After 12 months without being convicted of another violation three points may be removed from your record. Traffic tickets must be settled with the magisterial district court of the municipality in which you were cited. Follow the instructions on the citation. All courts accept cash and checks. Some courts allow you to pay traffic tickets online. When you pay a ticket it counts as a guilty plea and you’ll get points. You always have the option to fight the ticket in court if you disagree. Appear in court on the date and time listed on the ticket. You will have the opportunity to plead innocent and be scheduled for a trial.

If you don’t pay the fine by the deadline displayed on your ticket or appear in court on the date specified, the traditional judicial response is to issue a bench warrant. A bench warrant is a variant of an arrest warrant which authorizes the immediate on-sight arrest of the individual subject to the bench warrant. Sometimes drivers, stopped for a routine matter such as a faulty turn signal, are surprised when they are taken into custody to address a bench warrant issued years earlier for an infraction as minor as a parking ticket.

Parking Tickets
Unpaid parking tickets can hurt your credit and result in a bench warrant.

You can be pulled over if the music in your car is too loud. If the police can hear it from 50 feet away, it’s too loud.

Seat Belt Safety
There should not be more passengers than seat belts in a vehicle. Also, Pennsylvania law requires that all drivers and front-seat passengers be secured in a properly adjusted seat belt.

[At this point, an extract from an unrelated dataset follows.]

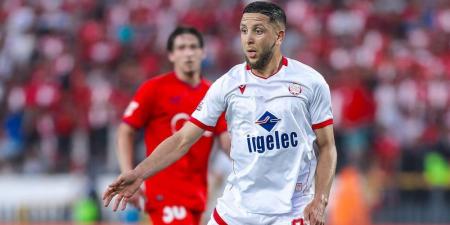 محمد الرايحي يفوز بجائزة أفضل جناح أيمن في الدوري المحلي لموسم 2024-2025 حسب استفتاء موقع "البطولة"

If you are considering tinting your vehicle windows, be sure the tinting complies with the laws in the state where the vehicle is licensed. If the level of tint is above the amount allowed by law, drivers will be cited and fined.

Vehicle Modifications
Any vehicle modification that makes it different from the way it was originally manufactured and registered will usually need state approval. Many minor vehicle modifications can be carried out without approval, but they must still comply with the regulations. Before making any modifications, find out if approval is required. Your local Pennsylvania vehicle inspection station and the licensed inspector can offer advice on modifications permitted by Pennsylvania vehicle inspection laws. It is also suggested that you talk over the modifications with your insurer. Failure to do this could result in a subsequent insurance claim being denied. Generally, modifications may not be completed if the change reduces the strength of the vehicle body, reduces the controllability or safety of the vehicle or causes danger to other people.

Vehicle Searches
During a traffic stop a police officer may ask to search your vehicle. You may refuse but you should decline as politely and firmly as possible. Without a warrant or your consent, police have limited authority to search private places such as glove compartments or your trunk. During a traffic violation stop, the police can ask for driver’s license, proof of insurance, and registration. They can ask for a sobriety test and are allowed to pat down a person suspected of carrying a weapon. They may search around the driver’s seat and look through windows. If a more extensive search is required, police can make you wait or impound your vehicle while a search warrant is obtained.